I requested Mr Dumat to inform you of the success of a little enterprise against a Corps of the enemy at Westchester. I have since received an official account. Fifty two of them were made Prisoners, a large quantity of Forage destroyed & a considerable number of Horses & Cattle brought off—with scarcely any loss on our side. The execution required hardiness and address the position of the Corps attacked being three or four miles within the Enemy’s redoubts—A bridge across Harlaem under the protection of one of the Redoubts was burnt to prevent reenforcements coming speedily from the Island.3
Recent letters from Virginia give me the particulars of Arnolds incursion to Richmond—He burnt there some public & private Stores & buildings, a foundery and some other public works in the vicinity; and afterwards retired to Westover, where he first landed, five & twenty miles from Richmond—This part of the Country is so thinly inhabited, that no force could be assembled in time sufficient to give him any material opposition. It was expected he would immediately reimbark from Westover.4 Virginia intersected as it is with large navigable rivers is greatly exposed to these kinds of predatory Expeditions—nor is there any remedy against them but a Naval superiority—I think it probable the Enemy will continue to disquiet that State & divert its force from the Southern extremity—while they push their operations there.

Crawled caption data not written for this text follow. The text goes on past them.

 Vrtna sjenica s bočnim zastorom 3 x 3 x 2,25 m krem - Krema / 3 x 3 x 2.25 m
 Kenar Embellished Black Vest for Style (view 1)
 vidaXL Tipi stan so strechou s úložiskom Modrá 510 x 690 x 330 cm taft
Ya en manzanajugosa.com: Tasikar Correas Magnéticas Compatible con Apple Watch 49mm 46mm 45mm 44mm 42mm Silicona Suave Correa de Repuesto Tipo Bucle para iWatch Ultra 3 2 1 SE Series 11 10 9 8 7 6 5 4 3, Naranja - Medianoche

Leslie with his detachment having landed at Charles Town was marching to form a junction with Cornwallis—This being performed will enable him to recommence the offensive; and we have to apprehend with too much success, as General Greene’s accounts of his situation are far from being flattering. He had taken a new position on the left of Charlottesburg at a place called Checaws on the East side of the river Pedee which gives the command of a Country more abundant in itself & less exhausted by Military operations—He had previously established a Post on the Southside of the Catawba near the forks of Broad river to straiten the limits of the enemy and cover the upper Country.5 His disposition as far as I can judge at this distance and with an imperfect knowledge of the Country seems judicious. I have the honor to be with perfect attachment Yr Excellency’s Most Obedt & Hble Servt
Go: Washington
ALS, CtY-BR:R; Df, DLC:GW; Rochambeau’s French translation, CtY-BR:R; LB, in French, DLC: Rochambeau Papers, vol. 7; Varick transcript, DLC:GW.

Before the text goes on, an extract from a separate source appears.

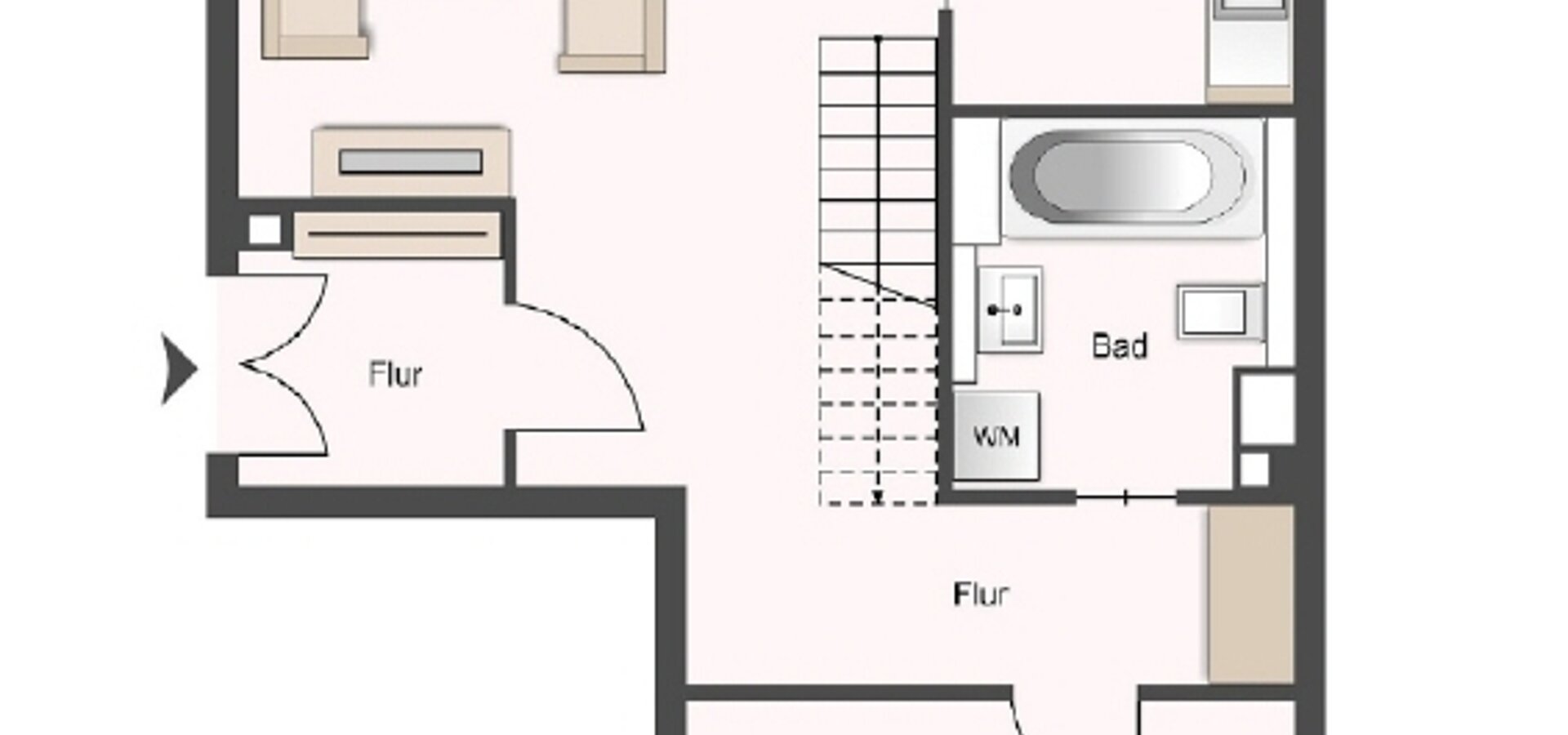 Grundriss Wohnebene 1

3. Another sentence appears at the end of this paragraph on the draft, which is in the writing of GW’s aide-de-camp Alexander Hamilton: “The success would in all probability have been more complete had not a heavy rain the preceding night rendered a particular pass so difficult as to make it necessary to transport the infantry across on horse back, which produced a delay that accidentally gave notice of the approach.”
For the report of the attack on this Loyalist corps, see William Heath to GW, 28 January. Rochambeau’s aide-de-camp Dumas had visited GW (see GW to Samuel Huntington, 24 Jan., source note).
4. See Steuben to GW, 8 Jan., and Thomas Jefferson to GW, 10 January. Evidently, GW had not yet received Steuben’s letter to him of 11 January.
5. GW refers to Brig. Gen. Daniel Morgan’s detachment, which Maj. Gen. Nathanael Greene had dispatched from Charlotte, N.C., before moving the main southern army to the Cheraws district in South Carolina (see Greene to GW, 28 Dec. 1780).